Evlerin aranmasından rahatsızlık duyduğunu ifade eden Tuana Uğur’un annesi İlknur Tavşan, “Soruşturma açılan herkesin aileleriyle doğrudan iletişime geçiyorlar. PTT yok mu da kapıma geliyorlar? ‘Çocuğunuz terör örgütüne katıldı’ diyorlar. Komşularımıza da duyuruyorlar bunu. Ben soruyorum, herkesin mahremiyeti var da bizim yok mu? Emniyetten arıyorlar, çocuğunuz alındı, çocuklarınıza sahip çıkın gibi şeyler söylüyorlar. Ben nereden bileyim emniyetten aradığını?” dedi. Tavşan, İzmir Emniyeti’nin kişileri ezberlediğini, orada bulunmasa bile olayları direkt ezberledikleri öğrencilerin üzerine yıktığını belirtti.

ÜNİVERSİTE TARTIŞMA ORTAMIDIR
Aileler olarak suçlu olmadıklarını söyleyen Tavşan, “Çocuklarımız hırsızlık, hainlik, ahlaksızlık yapmıyor.

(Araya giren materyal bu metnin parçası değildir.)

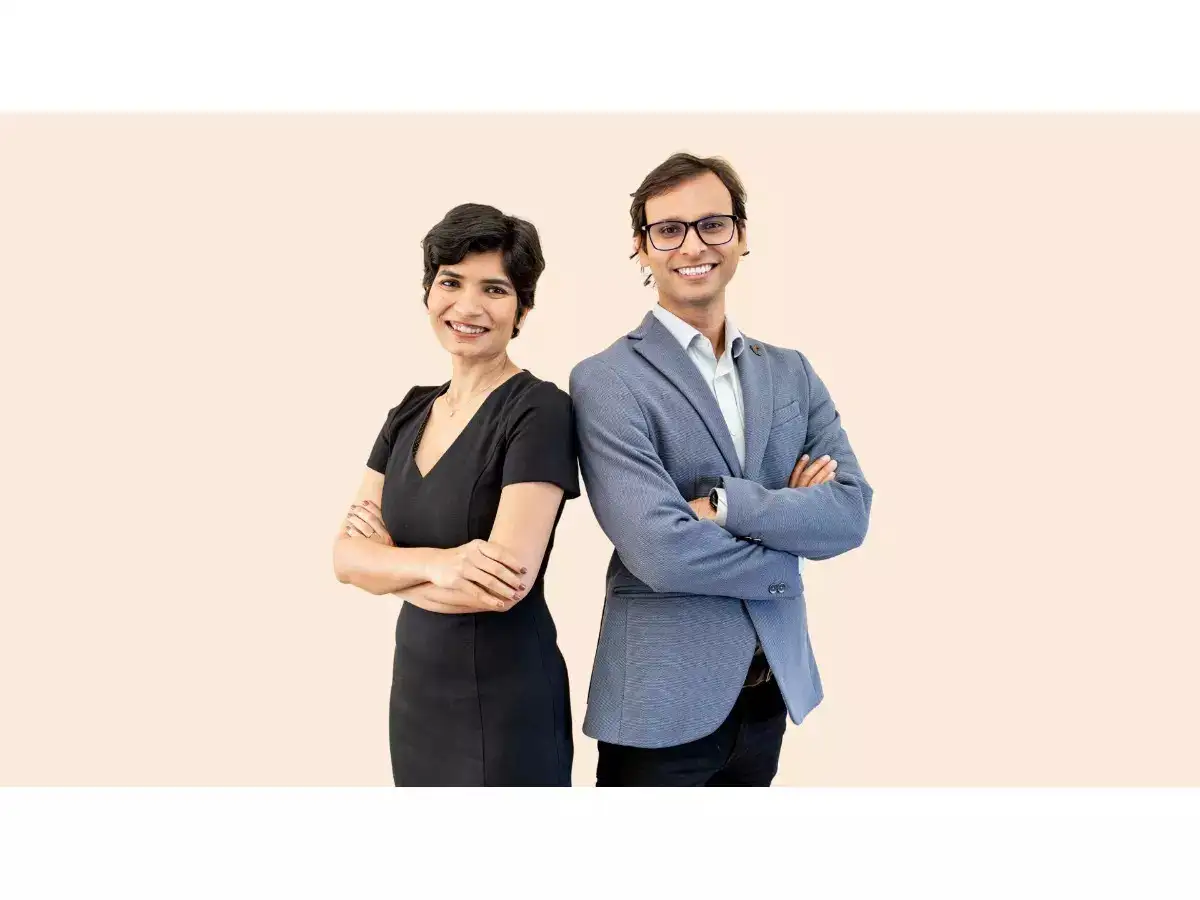 Quick beauty service platform Dazzl raises $3.2 million, led by Stellaris - The Economic Times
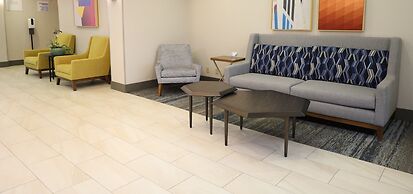 Holiday Inn Express Hotel & Suites Vancouver Mall by IHG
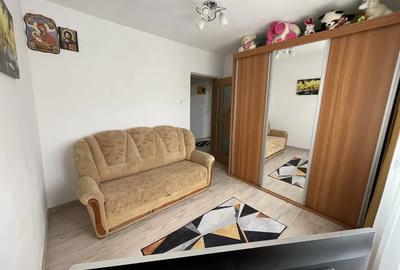 Apartament 2 camere -Zona Sud - etaj  3/4 - 40 mp -55000 euro negociabil - 5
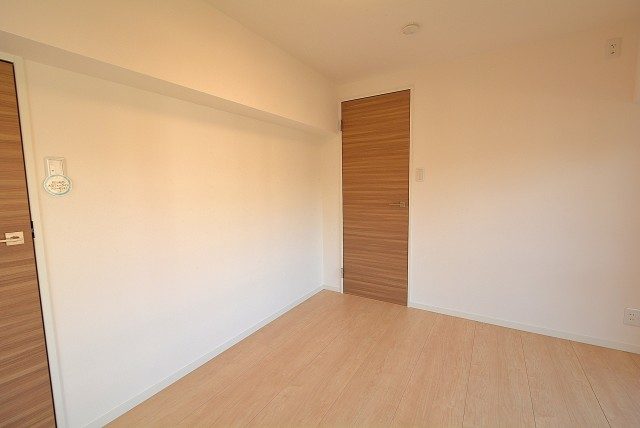 シャトレ明大前 洋室6.0 シャトレ明大前 洋室6.0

Özgür düşüncelerini ifade ediyor. Biz çocuklarımızın doğru dügün bir şekilde eğitim almasını istiyoruz. Üniversite tartışma ortamıdır. Ama hocalar bile artık derslerde tartışamıyor. Ben bu konulara el atılmasını istiyorum” dedi.

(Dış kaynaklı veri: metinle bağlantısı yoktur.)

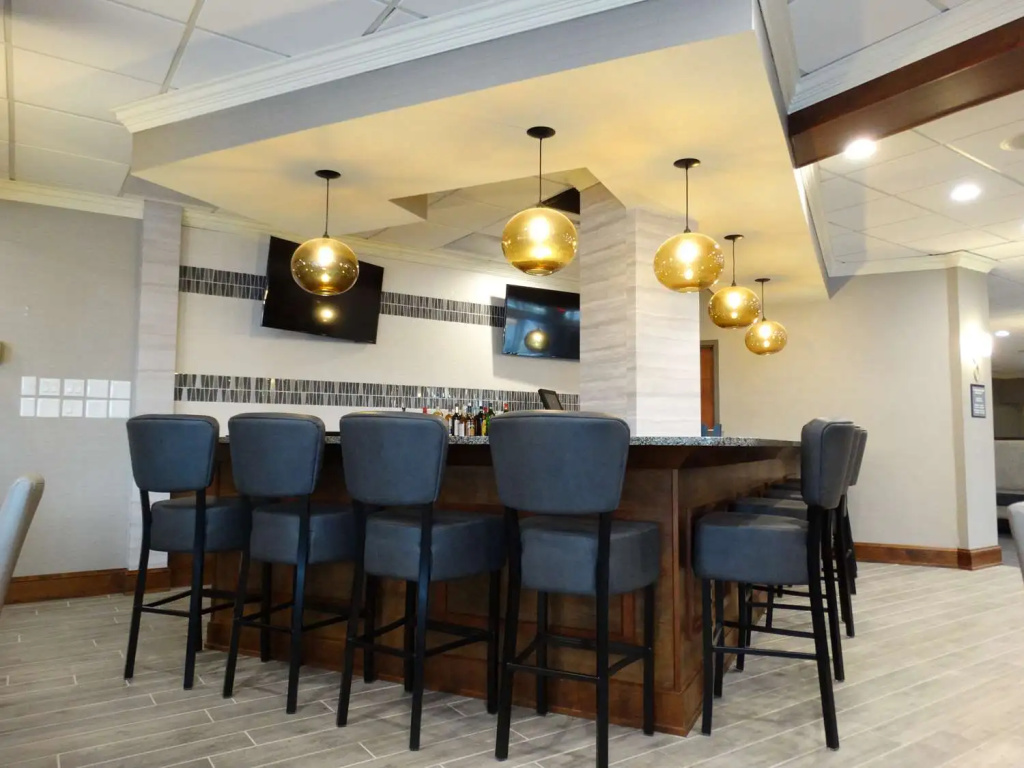 Cottonwood Airport & Expo Hotel Louisville - Général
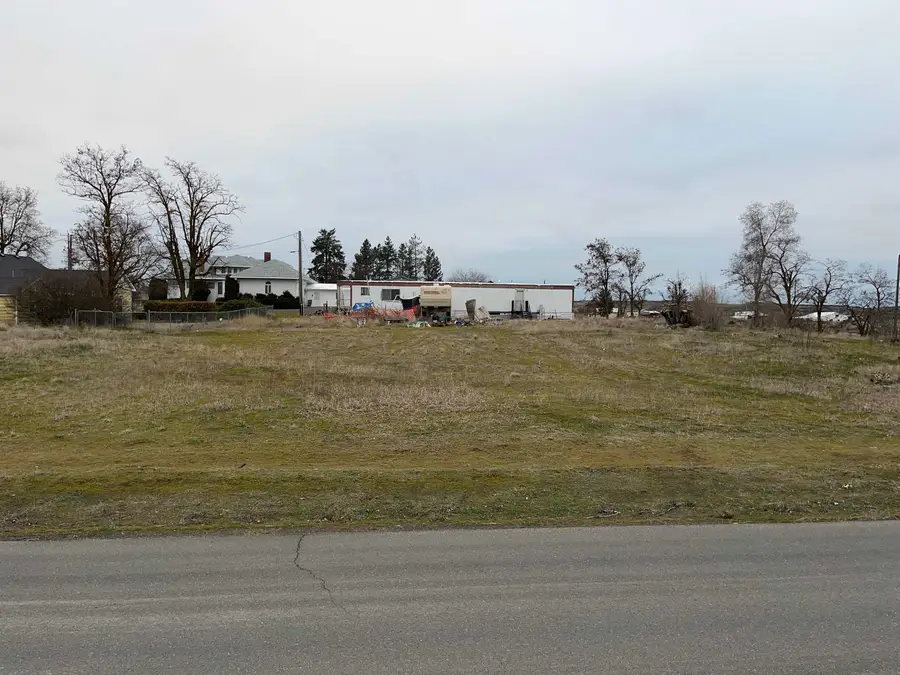 718 W 1st St, Sprague, WA 99032 - #3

EGE, BAZI UYGULAMALARIN PİLOT BÖLGESİ GİBİ!
Ege Üniversitesi’ndeki uygulamaların özgün bir durumu olduğuna işaret eden Eğitim Sen 3 Nolu Şube Başkanı Ümit Akıncı ise, “Güvenlik tedbiri tabii ki alınmalı ama fikir özgürlüğünün engellendiği, akademik faaliyetlerin bile engellendiği bir süreç yaşanıyor. Korktuğumuz tablo hayata geçti. Her olayın polisiye tedbirler şeklinde değerlendirmesi oluyor. İmzacı akademisyenlere yapılan şeyle Ege Üniveresitesi öğrencilerine yapılan aynı şey. Ege Üniversitesi’ni bazı uygulamaların pilot bölgesi gibi düşünebiliriz. Bunu hükümetin ‘İzmir’i ele geçirme’ çalışmaları olarak da düşünebiliriz” ifadelerini kullandı. Akıncı, öğrencilerin, velilerin, akademisyenlerin ve sendikanın birlikte bir duruş sergilemesinin ise umut verici olduğunu söyledi.